The iterative solution I want to show you involves generating many random initial guesses for x and y within the solution domain for this problem. These guesses, or random samples, will then be used as initial guesses for running Solver. Actually, the algorithm I'll show you takes a random sample, runs Solver, and stores the result. Then it picks another random sample, runs Solver again, and compares the new result with the previous one. If the new result, the minimum z, is lower than the previous one, then we know the previous result was only a local minimum, so we discard it and replace it with the new one. This process repeats over and over until the maximum number of iterations that you specified in cell D59 is reached.

Example 13-1 shows the VBA subroutine I wrote that implements this algorithm.

Example 13-1. Algorithm to iteratively minimize a function

Private Sub FindMinimumButton_Click( )
 ' Declare local variables:
 Dim xMin As Double
 Dim yMin As Double
 Dim zMin As Double
 Dim n As Integer
 Dim Z As Double
 Dim MaxIterations As Integer

 With Worksheets("Function")
 ' Initialize variables:
 n = 0
 xMin = .Range("x")
 yMin = .Range("y")
 zMin = .Range("z")
 MaxIterations = .Range("MaxIterations")

 ' Randomize the random number generator:

 ' Generate random values for x and y:
 .Range("x") = (5 - (-5) + 1) * Rnd + (-5)
 .Range("y") = (5 - (-5) + 1) * Rnd + (-5)
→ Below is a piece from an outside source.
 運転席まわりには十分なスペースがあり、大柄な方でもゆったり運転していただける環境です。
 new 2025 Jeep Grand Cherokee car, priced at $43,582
 ' Start solution iterations:
 Do While (n <= MaxIterations)
 .Range("Iteration") = n

 ' Run Solver:
 SolverOK SetCell:=.Range("z"), MaxMinVal:=2, ByChange:=.Range("x", "y")
 SolverSolve UserFinish:=True
 SolverFinish KeepFinal:=1

 Z = .Range("z")

 ' Check result:
 If Z < zMin Then
 xMin = .Range("x")
 yMin = .Range("y")
 zMin = Z

 .Range("x_Min") = xMin
 .Range("y_Min") = yMin
 .Range("z_Min") = zMin
 End If

 ' Generate random values for x and y:
 .Range("x") = (5 - (-5) + 1) * Rnd + (-5)
 .Range("y") = (5 - (-5) + 1) * Rnd + (-5)
 n = n + 1

 .Range("x") = xMin
 .Range("y") = yMin
 End With
End Sub

I've commented the code so you can generally see what's going on. The first several lines in the subroutine declare local variables in the usual manner. xMin, yMin, and zMin store the current minimum x, y, and z as the routine iterates over many trial values. n is just a counter variable used to track the current iteration. z stores the z value found by Solver in each iteration; it may or may not be the global minimum z. Finally, MaxIterations stores the maximum number of iterations you set in the spreadsheet (cell D59).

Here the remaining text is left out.